The days have changed, high-speed packet forwarding is done in hardware3, and it doesn’t matter which device in the network is used as a route reflector. Most data center switching vendors that publish designs combining IBGP with IGP deploy BGP route reflectors on spines (because the CPU on the spines has nothing to do anyway). In that case, it might be OK to change the BGP next hops on spines – every IP packet has to cross a spine switch anyway, so who cares. However, the kids who want to look really cool build their fabrics with EBGP, and don’t care about route reflectors anyway.
Even in leaf-and-spine fabrics you don’t want to mess with the BGP next hops if you’re doing anything else but pure IP transport. MPLS is so last millennium, so let’s take the new kid on the block: SRv6. Assume you’re building Ethernet-over-SRv6 service with EVPN control plane4. Do you really want all tenant packets to land on the spine switches for further inspection and forwarding? You do? Then why exactly did you waste millions on SRv6-capable gear in the first place? You could have bought the cheapest white box switches and run bridging on them.
Also, are you sure you want to have all VLANs and VRFs defined on the spine switches? If you don’t have them configured, the spine switch cannot figure out what to do with the packets rushing to it.5. Finally, do you want to pollute the spine forwarding tables with MAC+IP addresses and prefixes from every tenant?
The same reasoning applies to more mundane technologies like VXLAN.
Long story short: Don’t you dare to change the BGP next hop in the middle of the fabric.
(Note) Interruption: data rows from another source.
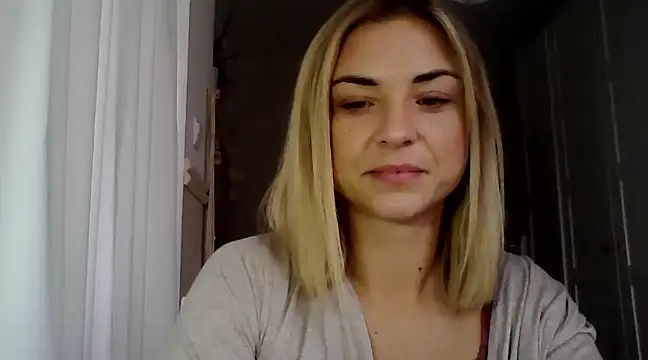 ashley xlove online show from 11/15/24, 07:49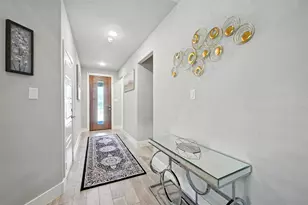 113 Nathan Dr, Princeton, TX 75407 - Photo 1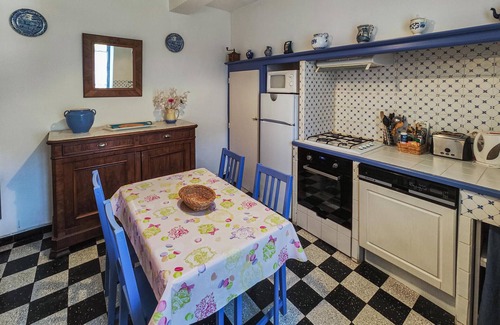 Berlou Maison | Superbe maison à Berlou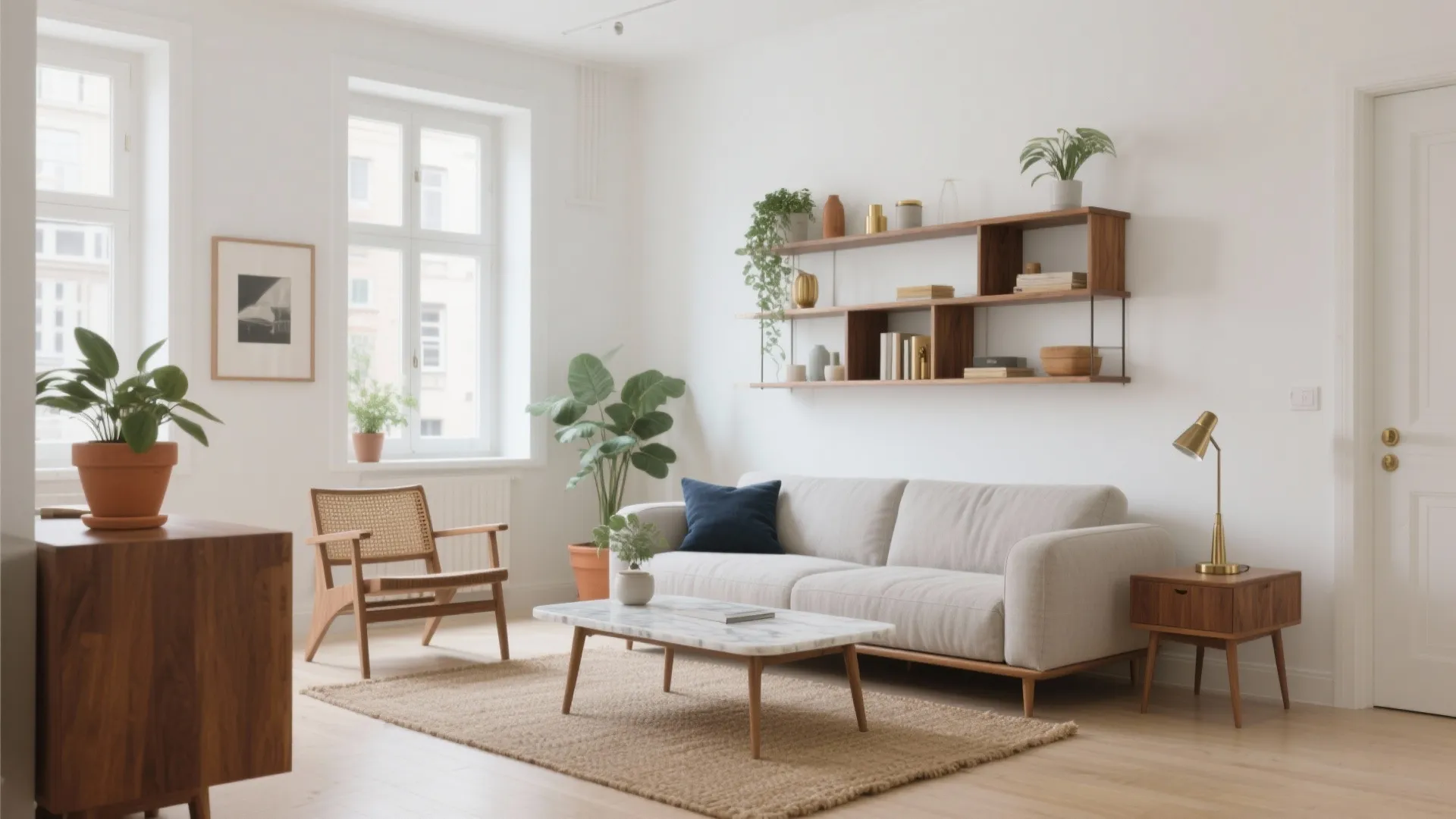 5 Ideas: Ivory Colour Combination for Living Room: A senior designer’s guide to five proven ivory living room palettes—complete with real-world tips, pros & cons, and expert-backed insights.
Totally off-topic: The above requirement trips all the cool kids who were so proud of their EBGP-only fabrics, because EBGP loves changing BGP next hops. There’s a single vendor I’m aware of who realized the SNAFU and implemented EVPN in a way that violates the usual EBGP expectations. Everyone else has to deal with awkward configurations or crazy stuff like IBGP sessions between loopbacks advertised with EBGP… and every now and then a senior manager working for a large vendor gets extremely upset when I call that concoction stupid.
Anyway, back to BGP route reflectors. By now you should be able to explain why it’s a bad idea to change the BGP next hop on reflected routes, but there’s a single scenario I’m aware of where doing that is a must: hub-and-spoke DMVPN tunnels. I’m guessing a similar reasoning applies if you bought hub-and-spoke (E-tree) Carrier Ethernet service. Anything else? Please leave a comment!
What else could you do once you pulled it there? The poor route reflector has to figure out where to send it next, and to do that in needs to do a full lookup. ↩︎
… and we weren’t arrogant enough to call that Software-Defined Networking. ↩︎
… and Software-Defined Networking means whatever a funding-desperate startup is doing. ↩︎
What else could give you such a cushy job security? ↩︎
Such a setup would be a doozy to troubleshoot ↩︎